Given data:
Segment Open

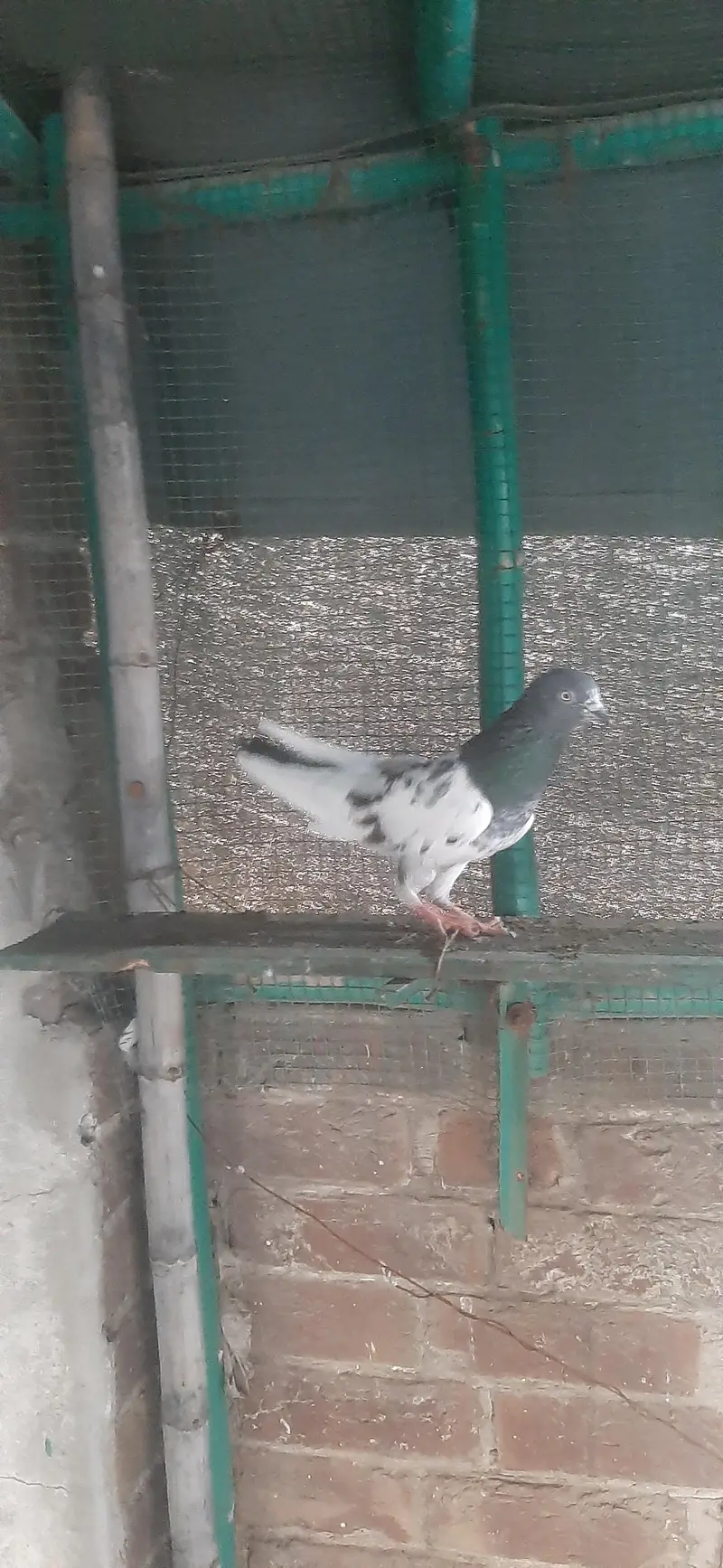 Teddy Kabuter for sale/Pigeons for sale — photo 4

Segment Closed
Segment Open

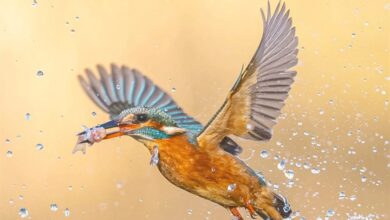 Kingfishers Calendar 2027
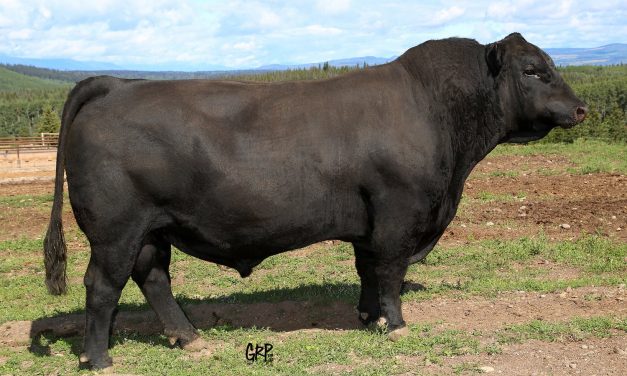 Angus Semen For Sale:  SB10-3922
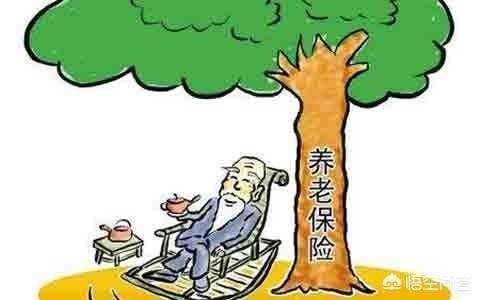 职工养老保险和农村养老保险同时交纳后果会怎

Segment Closed
Segment Open

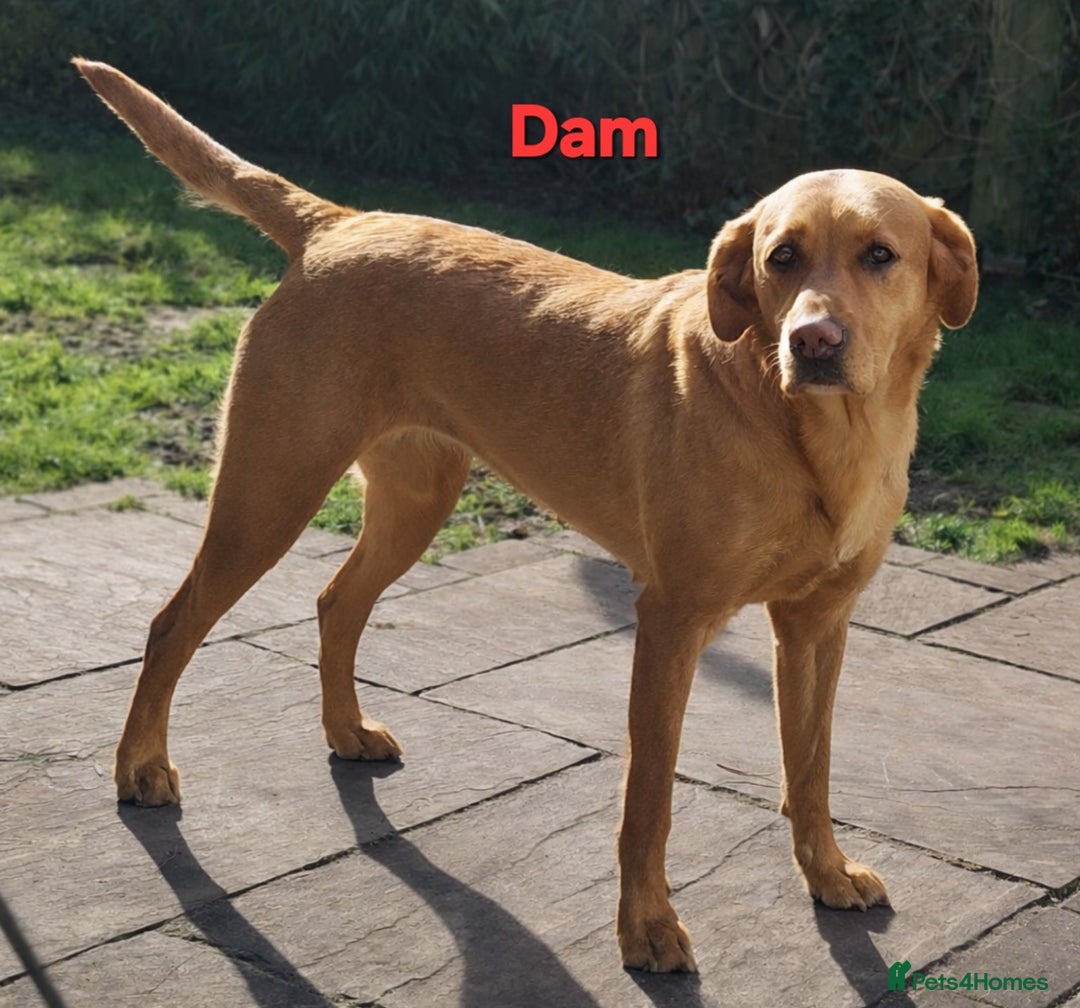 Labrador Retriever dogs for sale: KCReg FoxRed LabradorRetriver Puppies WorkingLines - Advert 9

Segment Closed

Your goal:
Using the listing above, reproduce word for word every line from the one containing "Kingfishers Calendar 2027" through the one containing "职工养老保险和农村养老保险同时交纳后果会怎". Pictures must be left out.

Solution to the problem:
 Kingfishers Calendar 2027
 Angus Semen For Sale:  SB10-3922
 职工养老保险和农村养老保险同时交纳后果会怎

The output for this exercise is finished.